Another tool that responders should be familiar with when it comes to malware analysis is the pattern-matching tool YARA. YARA (short for Yet Another Ridiculous Acronym) is a schema to identify and classify malware, through the creation of text-based rules. YARA rules are a combination of strings and Boolean expressions that are married with a condition, to determine if a specific file has any of the attributes contained within the YARA rule. For example, the following is a YARA rule created by Florian Roth for the Stuxnet malware and is available at https://github.com/Yara-Rules/rules/blob/master/malware/APT_Stuxnet.yar. This rule has been written to examine a suspect file for full-word strings that are associated with the Stuxnet malware, and the code for this can be seen here:
rule Stuxnet_Malware_3
{
meta:
description = "Stuxnet Sample - file ~WTR4141.tmp"
author = "Florian Roth"
reference = "Internal Research"
date = "2016-07-09"
hash1 = "6bcf88251c876ef00b2f32cf97456a3e306c2a263d487b0a50216c6e3cc07c6a"
hash2 = "70f8789b03e38d07584f57581363afa848dd5c3a197f2483c6dfa4f3e7f78b9b"
strings:
$x1 = "SHELL32.DLL.ASLR." fullword wide
$s1 = "~WTR4141.tmp" fullword wide
$s2 = "~WTR4132.tmp" fullword wide
$s3 = "totalcmd.exe" fullword wide
$s4 = "wincmd.exe" fullword wide
$s5 = "http://www.realtek.com0" fullword ascii
$s6 = "{%08x-%08x-%08x-%08x}" fullword wide
condition:
( uint16(0) == 0x5a4d and filesize < 150KB and ( $x1 or 3 of ($s*) ) ) or ( 5 of them )
}
The previous rule has been written to trigger if the file size is less than 150 KB, and if either the full-word string SHELL32.DLL.ASLR or three of the $S strings are found within the file. YARA rules can be written in a standard text editor as a single rule, or multiple rules within the same YARA file.
YARA rules can be utilized in several different ways. First, they can be written based upon the static analysis of malware or exploits and used to scan memory images through Volatility's yarascan plugin. This allows responders to determine if there are traces of a particular malware in a memory image. Second, multiple rules can be run against files and disk images, to detect the presence of malware or exploits. There are also scanners such as Loki, available at https://github.com/Neo23x0/Loki, that use multiple YARA rules to scan live disks for indicators of compromise (IoCs).

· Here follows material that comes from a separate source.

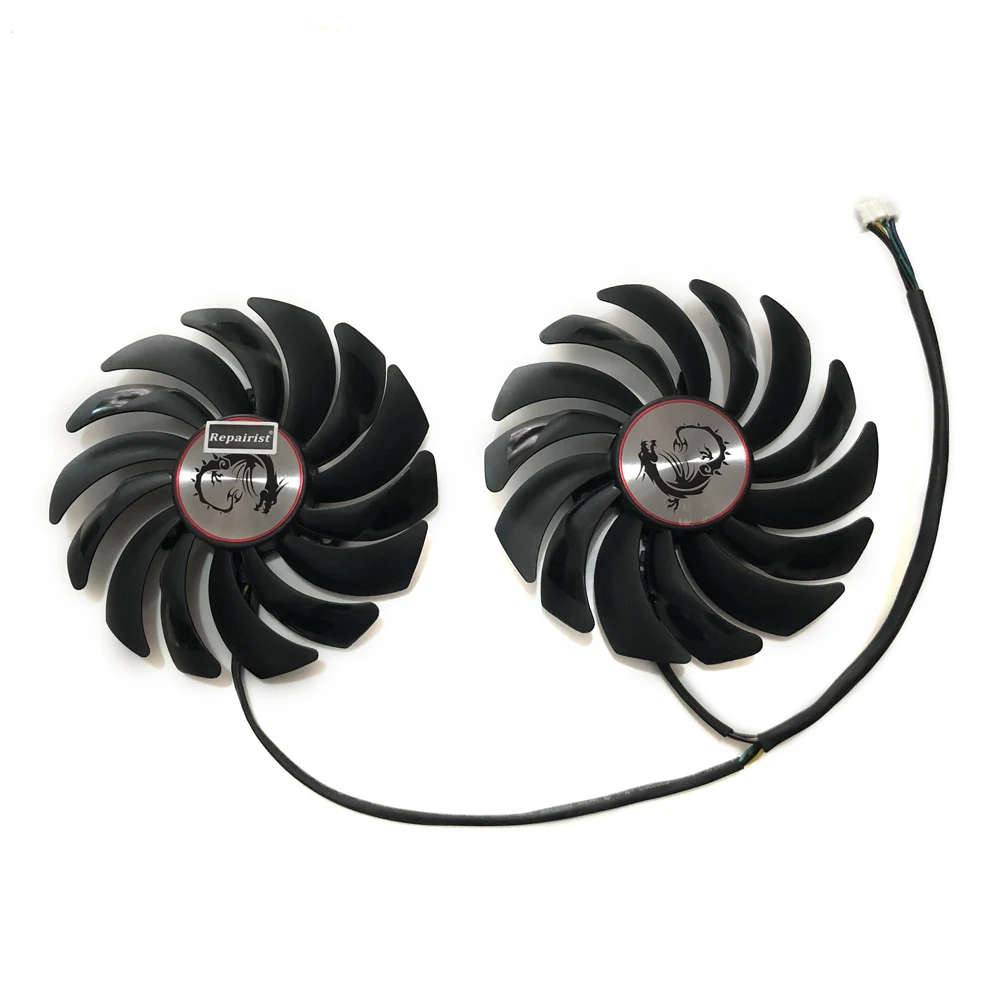2 Pz/Set Ventola Di Raffreddamento Della Scheda Video,Raffreddamento Gpu,Per Msi Rx 580 Gaming,Msi Rx 570 Gaming,Msi Rx 480 Gaming,Msi Gtx 1080 Ti Gam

Writing YARA rules can sometimes present an issue during an incident. This is due to the fact that other techniques of malware analysis, such as PeStudio or pescanner, are needed to extract strings and other indicators. Another option with regard to YARA rules is the tool yarGen, by Florian Roth. This Python script, available at https://github.com/Neo23x0/yarGen, allows responders to create YARA rules for specific files that have been identified during the course of an incident.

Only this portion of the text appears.